**What you should do:**
If a record contains a picture, skip the picture and transcribe the rest exactly.

Short text fragments from websites:
-=-=-=-=-
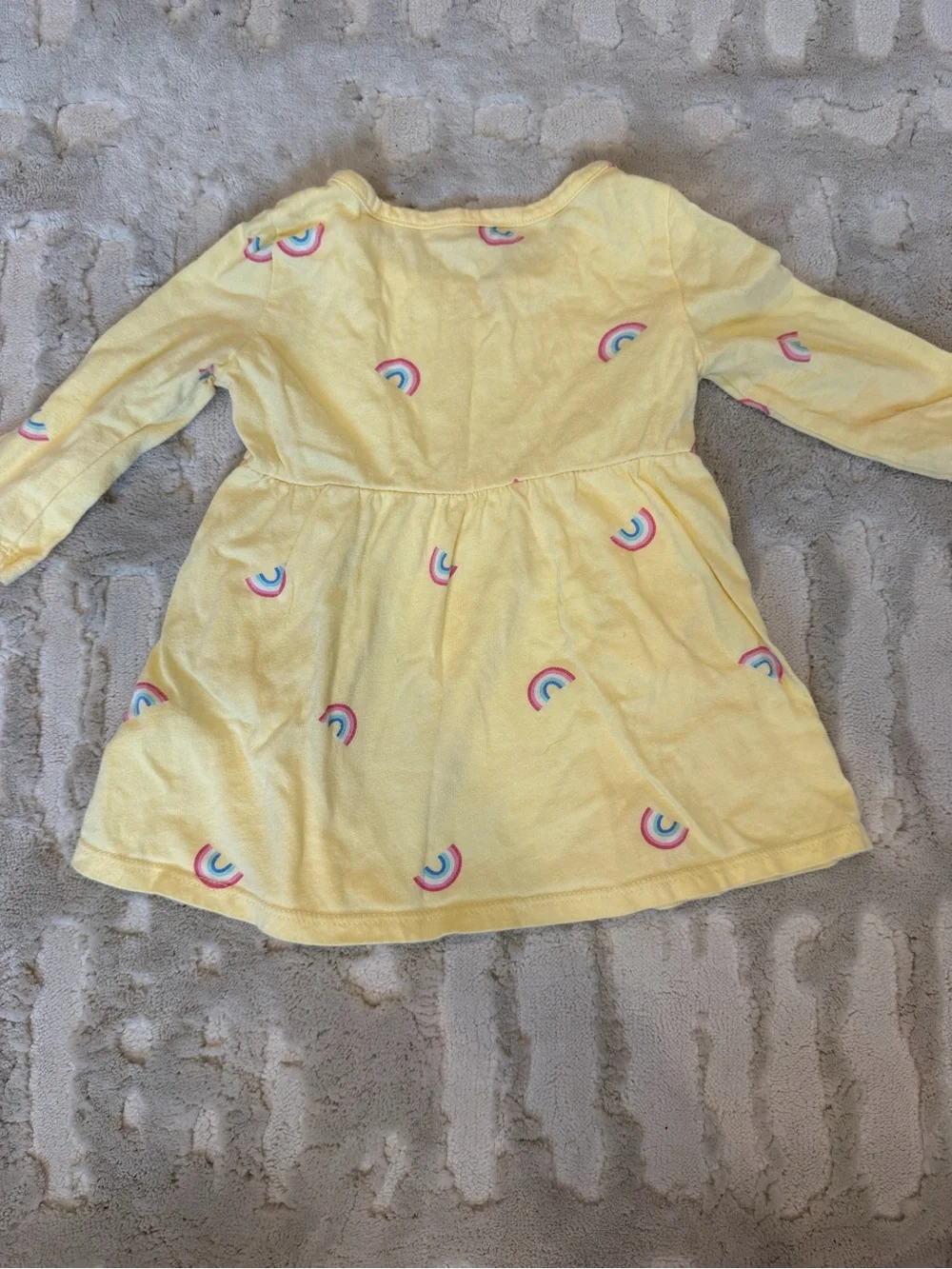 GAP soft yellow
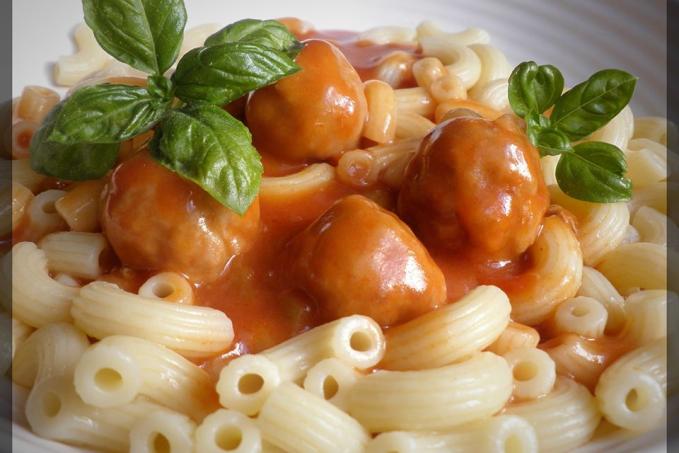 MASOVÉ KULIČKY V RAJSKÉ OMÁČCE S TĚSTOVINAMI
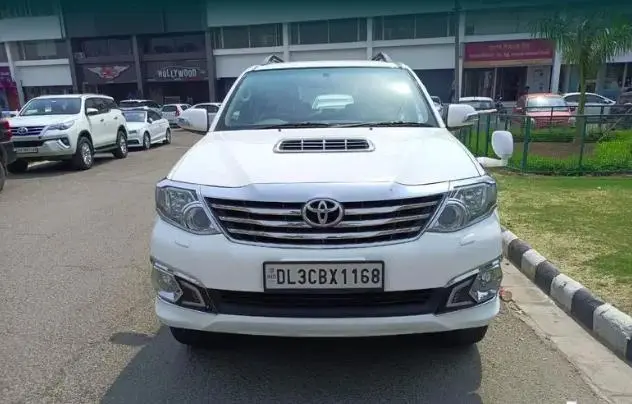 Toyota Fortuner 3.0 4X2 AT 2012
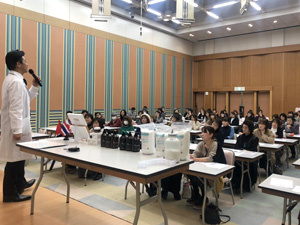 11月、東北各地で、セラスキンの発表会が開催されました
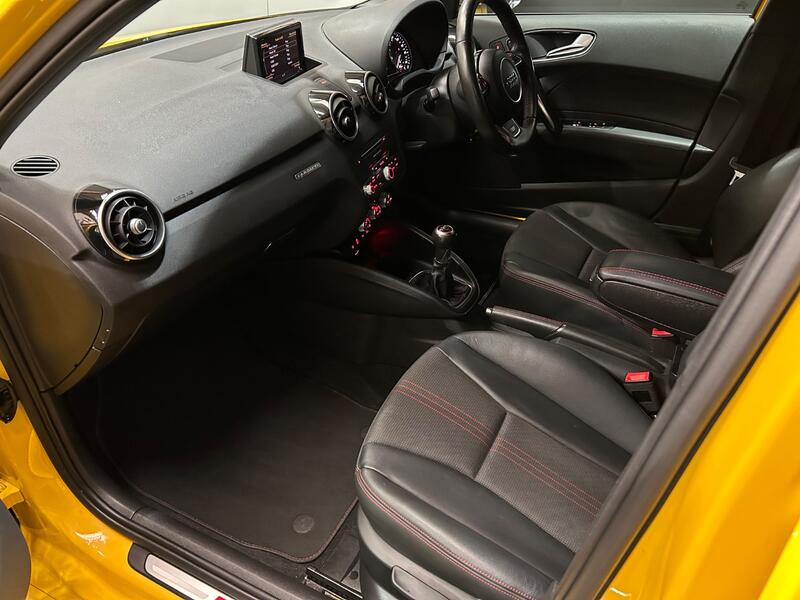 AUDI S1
-=-=-=-=-
**Answer to the exercise:**
 GAP soft yellow
 MASOVÉ KULIČKY V RAJSKÉ OMÁČCE S TĚSTOVINAMI
 Toyota Fortuner 3.0 4X2 AT 2012
 11月、東北各地で、セラスキンの発表会が開催されました
 AUDI S1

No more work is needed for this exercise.